Author's note
*waves* I know, it's been a very long time since I updated this story. Sorry about that. I've never forgotten it though, and it seems you haven't either. :)
Thank you so much to the lovely readers who have contacted me to ask when I was going to post the next chapter... here it is, dedicated to you all, with a special note of thanks to Nightwing667 for your encouragement.
After all the drama of the last couple of chapters, this update is quite reflective for Tom, a pause in the action as he tries to process what has happened to him. And the angst continues for a while longer, but have faith...
Scene 10 – Near Tullycross, West of Ireland
Two months later
The only sound Tom could hear was the pounding of his own feet on the ground as he ran the trails of Connemara. Over and over again. He'd never been so fit in his life, finding muscles he'd not seen since he was a teenager.
The epic landscapes surrounding him suited his mood. The lowering clouds, the jagged hills, the glittering lakes... their wild emptiness matched the echoing void in his heart.
At first, after what had happened, he'd been in a state of shock, his body protecting him just as it would do after a car crash, a terrible accident.

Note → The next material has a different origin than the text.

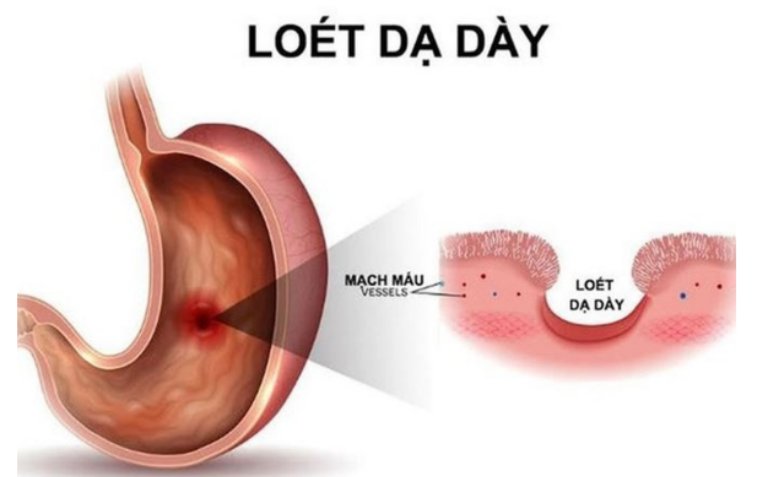 Biến chứng loét dạ dày tá tràng do nhiễm vi khuẩn Hp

But then, the pain hit. And it got worse every day. Just as it was becoming unbearable, his cousin Conor offered him a cabin in the west of Ireland. So he jumped at the chance to run away, to escape.
It had taken him surprisingly little time to close down his old life in London.
Packing up his flat, finding a tenant, putting his things into storage had not been as difficult as he expected. He didn't have to go back to the office – James had spared him that. A couple of well-wrapped boxes had appeared at his doorway a few days after their last discussion, containing his personal files and effects. All he had to show for nearly ten years of his life.
A life in ruins.
He hadn't said goodbye to anyone. Instead, he'd bought a cheap ticket to Shannon, packed a single suitcase and left the country without looking back. When he landed, he'd hired a small car to drive northwest to the wilds of Galway, where he'd been holed up ever since.
Now, he'd found a sort of rhythm to his days, allowing them to run into each other, stripping his awareness of time passing.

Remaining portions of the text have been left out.